(Beginning of Information shown)

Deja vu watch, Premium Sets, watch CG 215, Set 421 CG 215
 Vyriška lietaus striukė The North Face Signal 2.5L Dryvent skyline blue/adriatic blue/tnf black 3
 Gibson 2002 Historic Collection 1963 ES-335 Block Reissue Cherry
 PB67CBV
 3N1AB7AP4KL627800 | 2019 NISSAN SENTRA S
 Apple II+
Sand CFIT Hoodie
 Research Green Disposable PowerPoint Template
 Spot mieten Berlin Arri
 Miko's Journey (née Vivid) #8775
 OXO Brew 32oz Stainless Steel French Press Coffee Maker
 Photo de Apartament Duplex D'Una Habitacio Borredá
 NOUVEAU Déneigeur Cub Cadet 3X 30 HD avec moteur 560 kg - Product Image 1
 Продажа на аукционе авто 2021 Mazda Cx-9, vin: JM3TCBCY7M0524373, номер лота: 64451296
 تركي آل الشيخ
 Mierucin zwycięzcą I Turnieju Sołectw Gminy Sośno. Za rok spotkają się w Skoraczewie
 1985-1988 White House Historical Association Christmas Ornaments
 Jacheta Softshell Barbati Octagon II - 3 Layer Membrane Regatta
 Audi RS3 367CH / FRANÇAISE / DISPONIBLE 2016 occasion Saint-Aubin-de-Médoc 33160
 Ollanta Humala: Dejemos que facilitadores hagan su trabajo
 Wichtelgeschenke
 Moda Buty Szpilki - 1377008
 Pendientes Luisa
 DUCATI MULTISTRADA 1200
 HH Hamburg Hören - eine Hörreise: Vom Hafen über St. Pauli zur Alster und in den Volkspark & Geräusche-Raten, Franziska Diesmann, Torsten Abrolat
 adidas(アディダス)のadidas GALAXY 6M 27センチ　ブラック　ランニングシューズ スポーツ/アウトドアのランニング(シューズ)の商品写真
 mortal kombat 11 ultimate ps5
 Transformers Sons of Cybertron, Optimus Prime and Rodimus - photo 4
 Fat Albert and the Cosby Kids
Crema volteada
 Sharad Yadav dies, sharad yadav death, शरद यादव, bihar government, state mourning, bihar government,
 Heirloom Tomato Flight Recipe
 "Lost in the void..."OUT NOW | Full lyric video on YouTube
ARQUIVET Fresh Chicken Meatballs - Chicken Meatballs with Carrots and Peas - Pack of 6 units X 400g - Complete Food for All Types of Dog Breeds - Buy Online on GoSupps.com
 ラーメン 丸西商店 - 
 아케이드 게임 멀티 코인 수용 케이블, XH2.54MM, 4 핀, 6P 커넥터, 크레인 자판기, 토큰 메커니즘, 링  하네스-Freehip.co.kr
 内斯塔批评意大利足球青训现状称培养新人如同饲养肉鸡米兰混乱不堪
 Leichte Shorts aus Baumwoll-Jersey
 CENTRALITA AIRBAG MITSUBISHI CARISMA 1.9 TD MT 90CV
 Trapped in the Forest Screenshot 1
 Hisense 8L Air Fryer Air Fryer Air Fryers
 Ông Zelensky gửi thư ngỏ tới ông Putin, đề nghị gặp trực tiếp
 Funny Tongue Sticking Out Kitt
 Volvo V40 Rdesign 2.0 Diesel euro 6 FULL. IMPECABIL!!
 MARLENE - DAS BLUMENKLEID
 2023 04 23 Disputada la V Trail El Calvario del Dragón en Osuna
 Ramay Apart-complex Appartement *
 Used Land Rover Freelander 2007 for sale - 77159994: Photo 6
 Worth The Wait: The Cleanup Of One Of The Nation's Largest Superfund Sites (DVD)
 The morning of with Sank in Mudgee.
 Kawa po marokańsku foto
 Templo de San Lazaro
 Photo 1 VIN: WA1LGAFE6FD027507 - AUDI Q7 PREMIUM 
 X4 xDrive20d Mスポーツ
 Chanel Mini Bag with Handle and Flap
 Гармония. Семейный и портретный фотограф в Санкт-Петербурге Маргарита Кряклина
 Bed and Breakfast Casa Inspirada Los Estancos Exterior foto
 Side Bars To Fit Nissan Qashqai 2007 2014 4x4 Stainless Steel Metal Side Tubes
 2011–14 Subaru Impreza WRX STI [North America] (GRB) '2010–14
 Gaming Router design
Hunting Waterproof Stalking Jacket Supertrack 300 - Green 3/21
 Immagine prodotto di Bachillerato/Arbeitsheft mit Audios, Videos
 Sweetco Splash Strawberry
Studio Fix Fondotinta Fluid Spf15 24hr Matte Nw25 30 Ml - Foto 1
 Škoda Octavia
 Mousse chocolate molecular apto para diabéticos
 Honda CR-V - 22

(End of Information shown)

* _Exercise details_:
Bring together all lines in the records where the word "with" is found.

* _Exercise response_:
ARQUIVET Fresh Chicken Meatballs - Chicken Meatballs with Carrots and Peas - Pack of 6 units X 400g - Complete Food for All Types of Dog Breeds - Buy Online on GoSupps.com
 The morning of with Sank in Mudgee.
 Chanel Mini Bag with Handle and Flap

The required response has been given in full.